By now most of us are familiar with Google’s PageRank algorithm, or at least the principle behind it, whereby a web page is ranked based on who else is linking to it. One key aspect of blogs is that, while a few cover just about everything under the sun, most blogs have specific areas of focus, be it art, news, politics or what have you. Such information is potentially valuable in the context of search because a blog can announce its areas of focus — keywords, in effect — that can be taken into account by search engines, which would then know what topics a specific site tends to cover.

Using existing meta tags within HTML, it would be pretty easy to create a de facto standard in which tags are used to place a blog, as well as individual posts within it, into categories or sets. For example, I used to publish a site, Telephony Design, that was specifically about telecom products and services, which would have been tagged with keywords like telecom, telecommunications, telephone systems, phone, etc.

Imagine if most blog- and site-hosting services asked you to self-describe your site with up to a few dozen keywords. Of course, you can already do this with tags, but it’s unclear to what extent search engines use this information.

In this scenario, when searching via a search engine that recognizes your tags, you could issue a query like “gore (climate)” to get search results that are optimized based on link weights from sites and blogs that describe themselves as climate-related. This isn’t the same as saying “gore AND climate,” because someone who blogs at a climate site might write something about Al Gore that’s not, strictly speaking, climate-related. Essentially this is a way of searching for a topic, as ranked by people (primarily bloggers) who write on several topics or areas of focus.

This isn’t a new idea, of course, since “meta keyword=” has been with us since the earliest days of the web. The trick is to create a subtle variation on search query syntax in which you’re asking to, in effect, “Find X within sites that are usually about Y.” It’s kind of poor man’s approach to the semantic web, but if enough sites and blogs used it, and popular search engines introduced a simple way to filter or weight search results based on it, the method should work.

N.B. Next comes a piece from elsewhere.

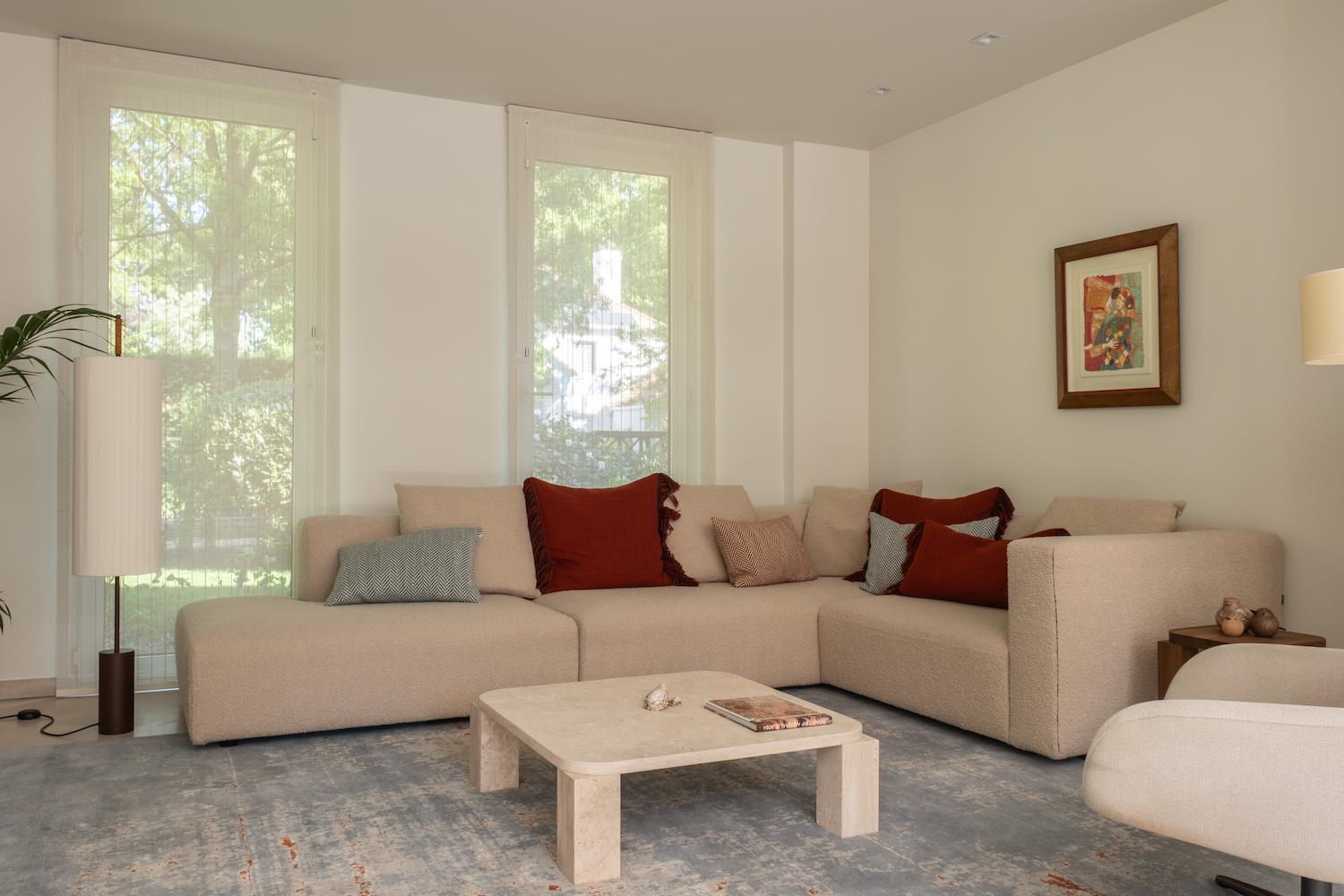 Hedendaagse herinrichting Schilde - Ameno Styling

An important point is that you’re not using the “meta” tag to emphasize a keyword, so your site isn’t more likely to show up if I do a search on “climate.” Instead, what the tag says is that you usually blog about “climate,” among other things. The actual keyword search is based on content elsewhere in the page, so the meta tag is just used in describing a limit set of keywords the content is usually about. Another important point is that if spiders only recognize a limited number of these tags, maybe 20 or so per domain, it will be difficult to spam search engines by stuffing hundreds of tags in a page header.

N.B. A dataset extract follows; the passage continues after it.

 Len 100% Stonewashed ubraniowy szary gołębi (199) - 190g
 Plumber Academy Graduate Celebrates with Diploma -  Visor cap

Is this a Google killer? Hardly. It seems like the kind of thing that could be added to existing search engines, Google included, pretty easily. This might seem like a trivial thing, but it should make search a lot smarter without burdening webmasters with the need to comply with an overly complex semantic web approach. This is also a simple and easily learned query style, so just as users have learned to combine keywords to improve search accuracy, they can use this approach to narrow search results by the type of source, in what amounts to a kind of fuzzy boolean search.

When it came to web services, REST won out over SOAP because of its simplicity. I think the same thing could happen here. After all, this is something even a novice web master could do in a minute — all that’s needed are a few lines of HTML.